The executive orders direct Washington and other localities to end their cashless bail programs, which allow people charged with crimes to leave jail while they await trial without paying what can be large sums of money. The order says that the federal government will reconsider funding decisions, services or approvals if Washington does not comply.

One order also instructs the attorney general, Pam Bondi, to identify jurisdictions across the US that have cashless bail policies and revokes federal funds and grants that go to those jurisdictions, according to the White House.

“They kill people and they get out,” Trump said about cashless bail in the Oval Office when he announced the order. “We’re ending it, but we’re starting by ending it in DC, and that we have the right to do through federalization,” he added.

Data shows that crime does not increase by any significant margin in places that have implemented cashless bail programs, as Washington did in 1992, and people released from prison without posting bond are extremely unlikely to commit violent crime. Nevertheless, Trump has taken aim at the policy and claimed it has contributed to the city’s violent crime rate, which last year hit a 30 year low.

Washington was one of the first jurisdictions to enact cashless bail, starting a trend of cities and states moving to a system that doesn’t lock people up for their inability to pay. In 2023, Illinois became the first state to enact cashless bail.

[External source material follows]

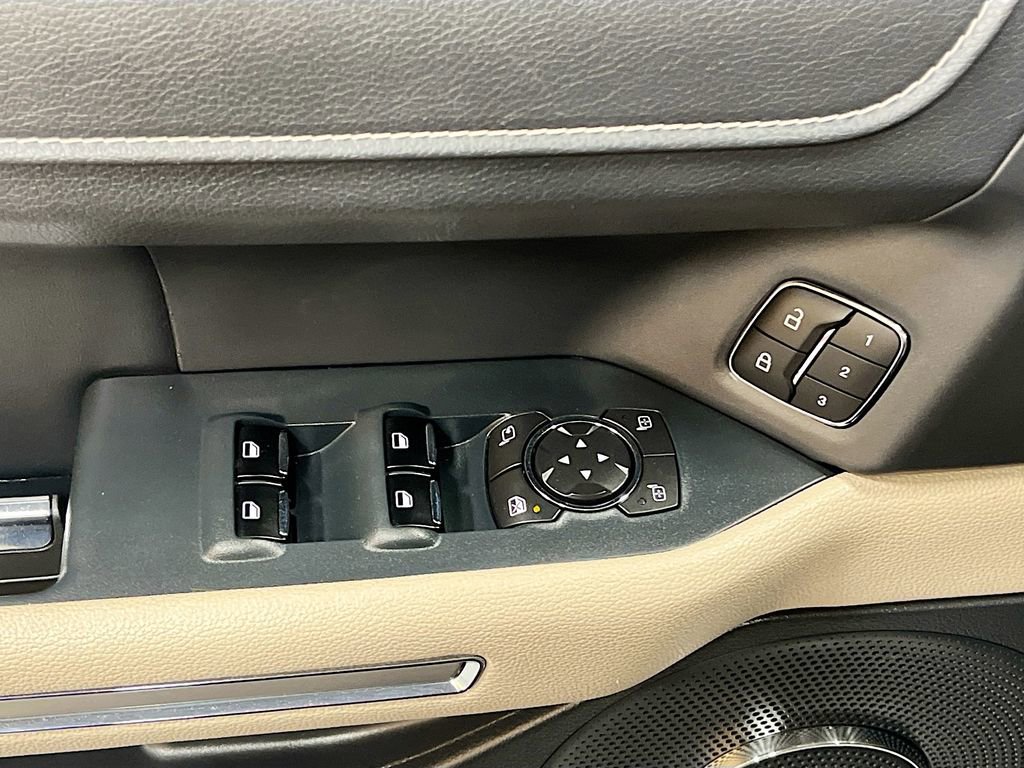 Used 2023 Ford Expedition Limited image 18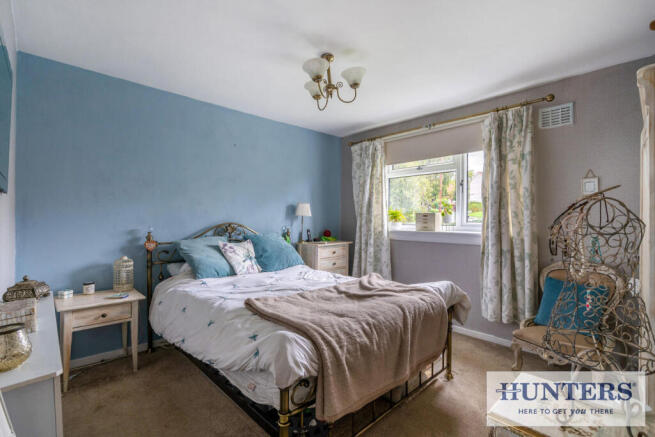 3 bed Semi-Detached for sale Image 9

“You don’t even have to go to court sometimes,” Trump claimed falsely about Illinois in the White House Monday.

Trump has also falsely said that under cashless bail policies, “somebody murders somebody and they’re out on no cash bail before the day is out.” In Washington and other places with cashless bail, a judge can make a determination to detail someone pre-trial if they feel that the accused is a danger to the community or a flight risk, as is often the case with those accused of murder.

Jeremy Cherson, the director of communications for the Bail Project said Trump’s executive order would deepen inequities and waste taxpayer dollars. The Bail Project is a national organization that pushes for bail-related policy change and provides free bail assistance to low income people.

“The data is clear that bail reform has not led to increased crime,” he said. “While the president is right that the current system is broken, he is wrong about the solution.”

“What we’re pursuing is a system where safety, not wealth, determines release pretrial, and if you look at a lot of the jurisdictions across the country that have minimized or eliminated the use of cash bail, that’s what their systems do.”